Tran Anh Hung possède un point de vue particulier sur la situation vietnamienne, s’identifiant lui-même comme Vietnamien malgré avoir été réfugié en France depuis ses 13 ans. Il est ainsi entre les deux cultures, « à la fois à l’intérieur et à l’extérieur de la culture que le film documente » (Barnes 2010, 111). Il reconnaît la domination extérieure qui est toujours exercée au Vietnam de deux façons évidentes dans Cyclo : la présence de la bouteille d’eau Évian que le personnage de la sœur est forcée de boire lors de son premier acte de prostitution; l’argent américain qui sert à récompenser les agissements hors-la-loi (lors des trois actes de prostitution pour la sœur, quand le conducteur de cyclo commet des crimes). Le regard posé n’est pas nostalgique, mais plutôt critique, inquisiteur, de la société et de ses fonctionnements. L’incapacité du gouvernement de subvenir aux besoins de sa population est également suggérée : lorsque le conducteur de cyclo cherche à profiter d’un programme de prêt pour les familles défavorisées du gouvernement dans la deuxième scène du film, son dossier est mis à l’étude alors qu’il y a des milliers de dossiers qui accumulent la poussière derrière le fonctionnaire. Avec le dernier plan du film, le cinéaste met en relief l’inégalité financière qui prend racine au pays : un plan séquence montre des touristes jouer au tennis puis se baigner dans les hauteurs d’un hôtel, pour ensuite nous montrer la famille réunie sur le cyclo, dans la rue. Alors que les personnages vietnamiens que nous avons suivis pendant tout le film ont dû perdre leur innocence pour survivre dans la rue, les hauteurs de la ville sont fréquentées par les riches étrangers.
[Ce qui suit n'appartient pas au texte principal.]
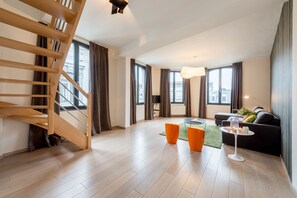 Dúplex City, 2 habitaciones, terraza | Zona de estar | Una televisión de pantalla plana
Il est facile de voir comment cette facette de l’ouverture à l’Ouest doit être cachée du peuple vietnamien.

Bibliographie

Barnes, Leslie. 2010. « Cinema as Cultural Translation: The Production of Vietnam in Trân Anh Hung’s Cyclo ». Journal of Vietnamese Studies 5 (Automne): 106-128.

Charlot, John. 1989. « Vietnamese Cinema: The Power of the Past ». Journal of American Folklore 102 (no 406): 442-452.

Charlot, John, 1994. « Vietnamese Cinema First Views ». Dans Dissanayake, Wimal, dir, Colonialism and Nationalism in Asian Cinema. Bloomington, Indiana UP: 105-140.

Lam, Mariam B. 2012. « Circumventing Channels: Indie Filmmaking in Post-Socialist Vietnam and Beyond ». Dans Ingawanij, May Adadol, McKay, Benjamin. Glimpses of Freedom: Independent Cinema in Southeast Asia. Ithaca, NY, Southeast Asia Program, Cornell University: 87-105.